[This is an account of my most recent adventure, barely edited from the form in which I related it to friends this morning on gchat.]
Last night I went to the Palo Alto contradance. I knew three people there: the two friends I’d come with, and another exuberant tall young guy who I’d met just twice. The size of the crowd and the quality of the music were wonderful, but the number of young dancers was not. I had been grumpy earlier in the day due to hunger and miscommunication and low productivity, but had cheered up upon hanging out with my friends for dinner. I became glum again from not knowing people at the dance and the slight differences in style in this region. But then, just as I was having a conversation with my friend about how I didn’t know many people at the dance and wished there were more young people, I saw standing in the doorway my friend Mia. She’d just arrived with a whole passel of other young New Mexicans on their way back from the Mendocino American Dance Week. Some of my favorite people from last year’s Youth Dance Weekend were there, as well as new lovely people who I hadn’t met before. Needless to say, they made my evening.
But they were flying home this morning! And also, I had already concluded that it was too late for me to take the public transportation home. Therefore, I decided to latch on with them and sleep wherever they slept. The thing was, they didn’t have a sure place to sleep yet. Stuart Kenney (a central musician from my home dance and a sweetie of a guy) was there with them (he’d been staffing the dance week) and he hooked them up with the place he was sleeping…in a haunted warehouse.
So, after the dance I crowded into a minivan with all these radiantly wonderful friends, squashed next to this big-deal musician and organizer. He was telling crazy and amusing musician stories, and I just glowed with grins at all these awesome people I’d met up with. We got to the place we were supposed to sleep. It was right next to San Francisco International Airport, and it truly was a warehouse, high shelves of boxes and all. In the corner of it was a martial arts dojo. Our hosts ran the place, a husband and wife pair who taught martial arts and shipped educational materials from the same building. She demonstrated some sword forms while people were getting their stuff out of the minivan. He was really chill, one of the organizers of the dance week my friends had just been to. And…he told us about how the place was haunted. “But don’t worry,” he said, “the shaman guy who haunts the place is friendly. You’ll see something out of the corner of your eye, and when you turn to look at it you’ll see this little Kokopelli guy watching you, then scamper off. Just in case you hear noises in the night, I don’t want you to freak out.” I didn’t see anything, but I certainly heard something a few times! Bangs as if someone was banging into the shelves or the lights, and some barefoot footsteps, at like 3am when everyone was asleep, and from out in the dark warehouse part, not from the mat where everyone was sleeping. One of the other guests said he’d been off sending an email after most people had gone to sleep, and upon standing up to go to bed, he felt and heard a WOOSH right next to him; apparently he’d startled the ghost. We all spooned close: four young New Mexican dancer women, Stuart, and me.
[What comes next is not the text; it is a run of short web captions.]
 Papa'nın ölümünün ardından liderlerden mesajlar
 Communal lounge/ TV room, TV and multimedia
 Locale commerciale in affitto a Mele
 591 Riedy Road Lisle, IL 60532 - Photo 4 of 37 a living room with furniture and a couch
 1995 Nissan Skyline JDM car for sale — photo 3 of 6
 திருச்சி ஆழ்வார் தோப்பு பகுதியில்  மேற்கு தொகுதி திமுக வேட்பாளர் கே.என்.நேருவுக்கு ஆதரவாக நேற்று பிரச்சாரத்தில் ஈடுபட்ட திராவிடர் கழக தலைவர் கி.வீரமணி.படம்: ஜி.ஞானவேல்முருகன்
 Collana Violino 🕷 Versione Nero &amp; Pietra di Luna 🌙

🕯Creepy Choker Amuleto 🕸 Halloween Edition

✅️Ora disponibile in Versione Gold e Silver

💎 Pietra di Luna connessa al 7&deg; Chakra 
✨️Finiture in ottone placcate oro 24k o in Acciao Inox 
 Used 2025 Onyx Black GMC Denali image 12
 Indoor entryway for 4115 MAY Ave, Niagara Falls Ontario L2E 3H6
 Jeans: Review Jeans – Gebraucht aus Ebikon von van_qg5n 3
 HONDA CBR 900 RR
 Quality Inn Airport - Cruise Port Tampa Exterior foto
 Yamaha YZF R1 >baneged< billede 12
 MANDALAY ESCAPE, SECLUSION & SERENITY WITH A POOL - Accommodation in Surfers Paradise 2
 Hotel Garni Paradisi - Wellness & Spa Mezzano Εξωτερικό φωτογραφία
So. Sleep. Not much of it. Cuddling. Lots of it. Though because they were all exhausted from their dance week, it was the sort of low-intensity cuddling you do with a sleeping person so as to not really wake them. We got about six hours of sleep. Stuart had gotten up extra early for a separate flight, but the rest of us piled into the minivan, and all the New Mexico folks (everyone except me and two others who I didn’t know that well, Jubal & Chelsea) got out at the airport, and we had many hugs and goodbyes. Then the rest of us headed to Oakland, drove around looking for parking, then walked around looking for food (at 9:30am on a Sunday). We found a place, where we got a very eclectic breakfast (french toast, Chinese noodles, a waffle, ramen, and green tea) and talked about crossover contra and contra gossip. It was great fun. Chelsea & I had met a couple times before. She’s an inveterate traveler, and budding organizer of crossover contra dances. Jubal is a southern guy who’s got his fingers in a bunch of different genres, but plays with a well-known contra band. He’s a great guy, and we’d never met before. After the wonderful discussion over breakfast, we found our way back to Berkeley, where they dropped me off at my hosts’ house, and we went our merry ways.
[This is probably the biggest single adventure of my trip, and will likely stand out as a climax. In one week I will have just attended my good friend’s wedding in Denver, Colorado, and will be departing for a forty-eight hour train trip back to New England. I’m glad to get the chance to share the account of such an adventure here!]